Başka bir kanalla da bildirilene göre Ebu Hureyre şöyle demiştir: Ebu Talib vefat edeceği zaman Allah Resulü (Sallallahu aleyhi ve Sellem) yanına gelip: ''Ey Amca! 'La ilahe illallah' de. Bununla sana kıyamet gününde Allah katında şahitlik edeyim" buyurdu. Ebu Talib: "Eğer Kureyşliler beni ayıplayıp: ‘‘O, ancak ölüm korkusuyla bu kelimeyi söyledi’‘ demeyecek olsaydı bu kelimeyi söyler ve senin gözünü aydın kılardım" karşılığını verince, Yüce Allah, Peygamber'ine: "Şüphesiz sen sevdiğin kimseyi hidayete erdiremezsin. Fakat Allah dilediği kimseyi hidayete erdirir. O, hidayete erişecekleri en iyi bilendir"[Kasas 56] ayetini indirdi.

 

Müslim, Sahih'de Muhammed bin Hatim kanalıyla Yahya bin Said elKattan'dan rivayet etmiştir. --- Müslim, iman (9/42).

 

 

 

ibn Abbas anlatıyor: Ebu Talib hastalanınca Kureyşliler ve Allah Resulü (Sallallahu aleyhi ve Sellem) kendisini ziyaret etmek için yanına geldiler. Ebu Talib'in başı ucunda bir kişinin oturabileceği kadar bir yer kalmıştı. Ebu Cehil, Allah Resulü (Sallallahu aleyhi ve Sellem) oraya oturmasın diye kendisi oturdu ve Allah Resulü'nü (Sallallahu aleyhi ve Sellem) babama şikayette bulundu. Ebu Talib, Resulullah'a (Sallallahu aleyhi ve Sellem): "Yeğenim! Kavminden ne istiyorsun?" deyince, Nebi (Sallallahu aleyhi ve Sellem): "Ey amca! Onlardan bir kelime istiyorum ki Arapların hepsi kendilerine boyun eğecek ve Acemler de kendilerine cizye ödeyecektir'' buyurdu.

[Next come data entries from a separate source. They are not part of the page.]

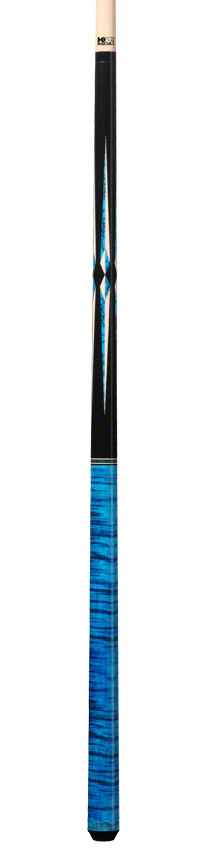 K2 KL141 4 point Black and Blue Recon Graphic Pool Cue with 12.50mm K2 LD Shaft - KL141 - Image 4
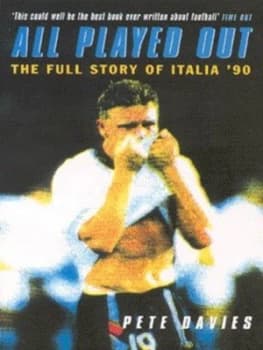 All Played Out by Pete Davies Paperback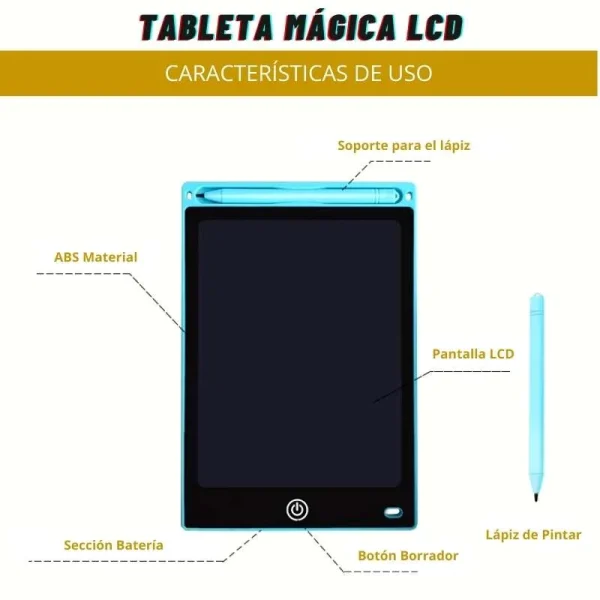 Tableta Mágica LCD - Imagen 3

Ebu Talib: "Bu kelime nedir?" diye sorunca, Resulullah (Sallallahu aleyhi ve Sellem): "La ilahe illallah'tır'' buyurdu. Bunun üzerine oradakiler: "İlahları bir tek ilah mı yaptı? Gerçekten bu çok tuhaf bir şey!"[Sad 5] dediler. Bunun üzerine onlar hakkında: "Sad. Öğüt veren Kur'an'a and olsun ki, inkar edenler gurur ve ayrılık içindedirler. Biz onlardan önce nice nesilleri helak ettik. Onlar da feryat ettiler, ama artık kurtuluş zamanı değildi. Kafirler, kendilerine içlerinden bir uyarıcının gelmesine şaştılar: ‘‘Bu, yalancı bir sihirbazdır. ilahları bir tek ilah mı yaptı? Gerçekten bu çok tuhaf bir şey’‘ Onların liderleri öne fırladılar, ‘‘Yürüyün, tanrılarınıza bağlı kalın. Sizden istenen sadece budur. Biz bunu diğer dinde işitmedik, bu mutlaka bir uydurmadır’‘ dediler"[Sad 1-7] ayetleri nazil oldu.

 

--- Tirmizi (3232).

 

 

 

ibn Abbas der ki: Resulullah (Sallallahu aleyhi ve Sellem), Ebu Talib'i hastalığında ziyaret ettiği zaman kendisine: "Ey amca! ‘‘La ilahe illallah’‘ de ki kıyamet gününde sana bununla şefaat edeyim" buyurdu. Ebu Talib: ''Yeğenim! Vallahi benden sonra sana ve ailene sövülmeyecek olsaydı ve ölüm anı bana geldiğinde onu korkudan dolayı dediğimi söylemeyecek olsalardı onu derdim (onu sadece seni sevindirmek için derdim)" karşılığını verdi. Ebu Talib'in durumu ağırlaşınca dudaklarını oynatmaya başladı. Abbas ne dediğini işitmek için kendisine iyice yaklaştı. Sonra geri çekilerek: "Ey Allah'ın Resulü! Vallahi söylemesini istediğin kelimeyi söyledi" dedi. Bunun üzerine Allah Resulü (Sallallahu aleyhi ve Sellem): ''Ben işitmedim.'' buyurdu. --- İbn Hişam, es-Sire (2/27) Bakın: İbn Kesir, el-Bidaye ve'n-nihaye (3/123). 

 

Bu kopuk bir isnaddır. Zira Abbas o vakitte daha Müslüman olmamıştı.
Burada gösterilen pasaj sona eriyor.